When confronted with the question of the title, the narrator, who we come to assume is the fictional Sheila Heti, says, “For years and years I asked it of everyone I met. I was always watching to see what they were going to do in any situation, so I could do it too. I was always listening to their answers, so if I liked them, I could make them my answers too…You can admire anyone for being themselves. It’s hard not to, when everyone’s so good at it.” Immediately, I realized that she’s just like us, but more thoughtful and forthcoming regarding her insecurities.

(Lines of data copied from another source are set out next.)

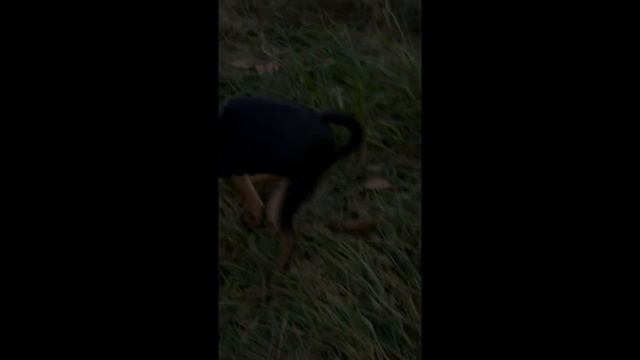 "Почему собаки делают джага-джага прямо на глазах людей, и долго-ли это будет ещё продолжаться?" смотреть онлайн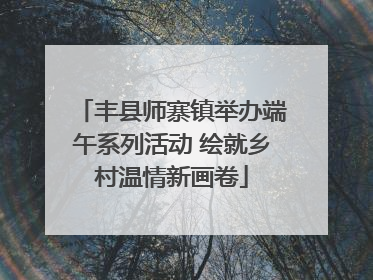 丰县师寨镇举办端午系列活动 绘就乡村温情新画卷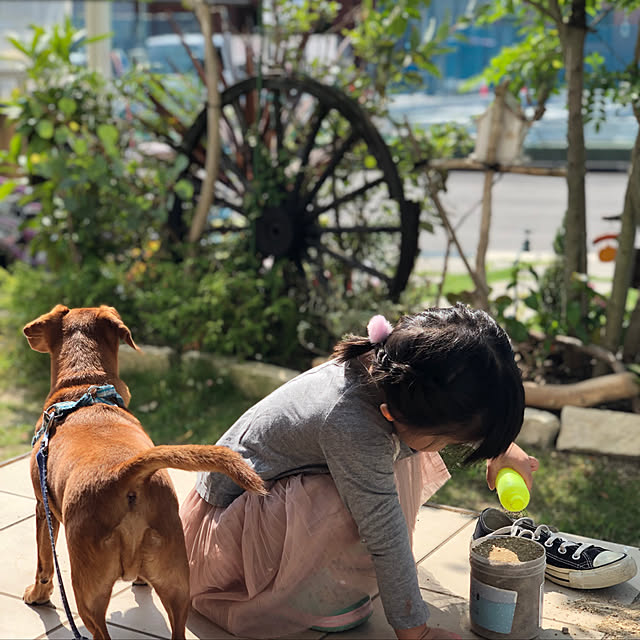 Yukoさんの実例写真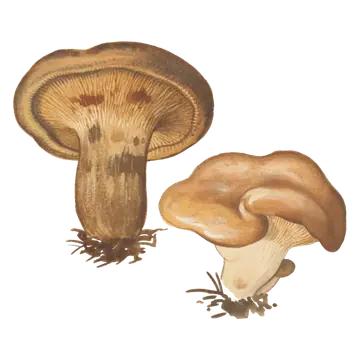 Illustrasjon av pluggsopp med brun nedtrykt hatt, innrullet kant og gulbrune nedløpende skiver.
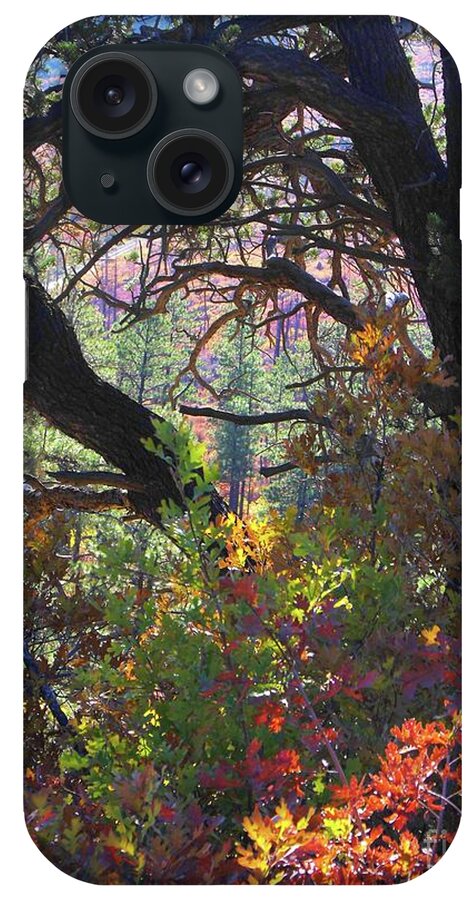 Drought Fall In The Mountains Looks Like Stained Glass Window iPhone Case featuring the digital art Drought Fall by Annie Gibbons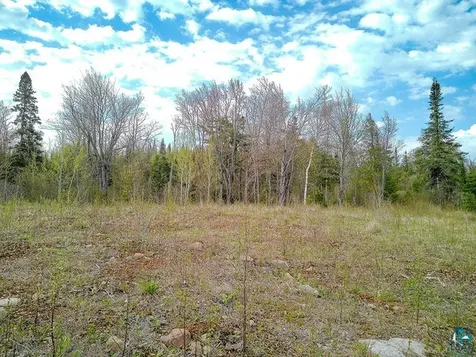 21 Pine Tree Drive Lutsen MN 55612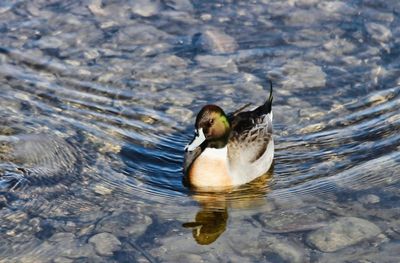 Hybrid Duck  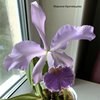 Cattleya Whitei var. coerulea (cattleya schilleriana X cattleya warneri)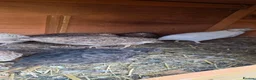 Quail poultry for sale: bob white and jumbo quails available  in Birmingham - Advert 4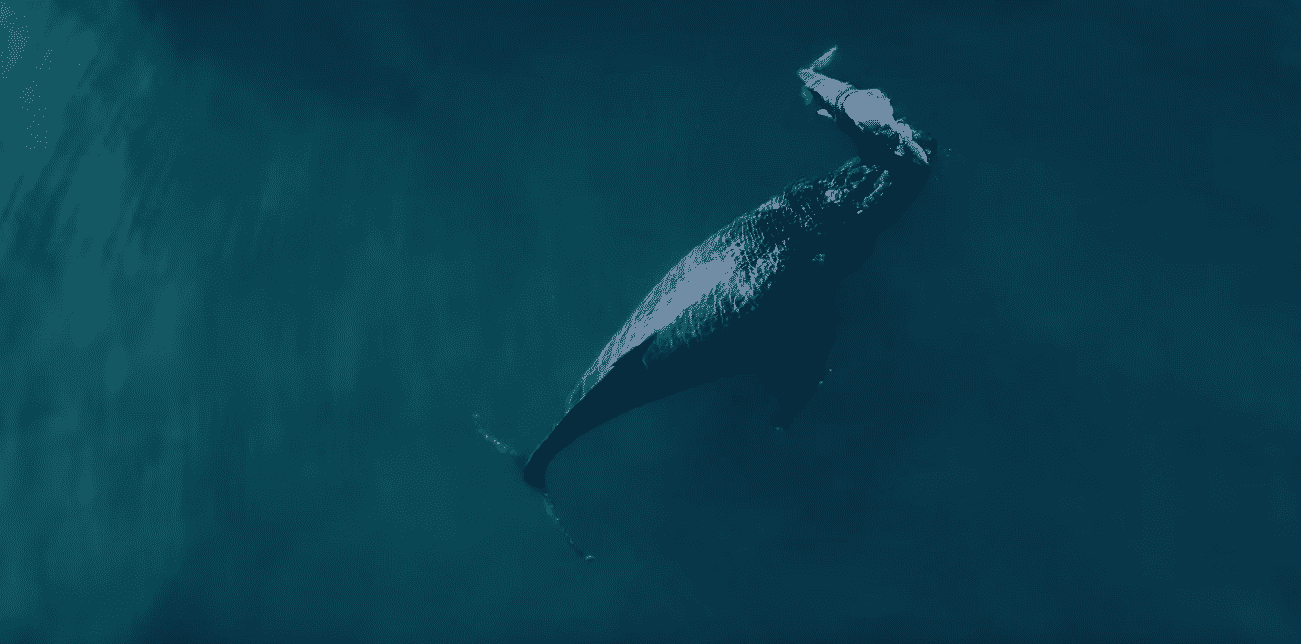 A whale swims in dark teal water, seen from above.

Now, every review I read about this book mentioned that one of Heti’s inspirations for this novel was watching the Greatest Scripted Reality Show of Our Time, The Hills. Knowing this, I could see the parallels. Like The Hills, the book has almost no plot, though there were times when I expected I would discover a plot, especially at the beginning. But as I read further, I realized that Heti was, in one way or another, scripting her life and editing it for the audience’s enjoyment. (How long should it have taken me to realize that, when the book’s subtitle is ‘A Novel From Life’?)

We’re all deeply interested in our own lives, which are never as interesting to anyone else. I’m apparently so deeply interested in my own life that I, like many others before me, decided to write about it on the internet. We pull out the best parts and dramatize them for others all the time. We’re the stars of our own stories, though that version of ourselves is neither who we really are, nor who we appear to be to others.

Sheila Heti is the star of her own story – or novel or play or email or whatever form this story takes as it’s told – which is why, before I picked up this book, I thought I might find it contrived or overly cute or self-indulgent. But I found something much deeper in How Should A Person Be?  than I could have found in any recent reality TV show. (Ha, duh. I know.) Her explorations of modern female friendship, the creation of art, and the way the past and the future influence our present struck me in such a way that I’ve been thinking about them since I finished the book a few weeks ago.

I’ll end this here as I didn’t want to write a full-on essay about this book. (Essays require too much thought/planning/finding of quotes, and I haven’t even attempted writing anything academic in years.) I just wanted to talk about how much I liked it and want others to read it! So, if you’ve read it or read it in the future, please please tell me because obviously I’m dying to talk about it.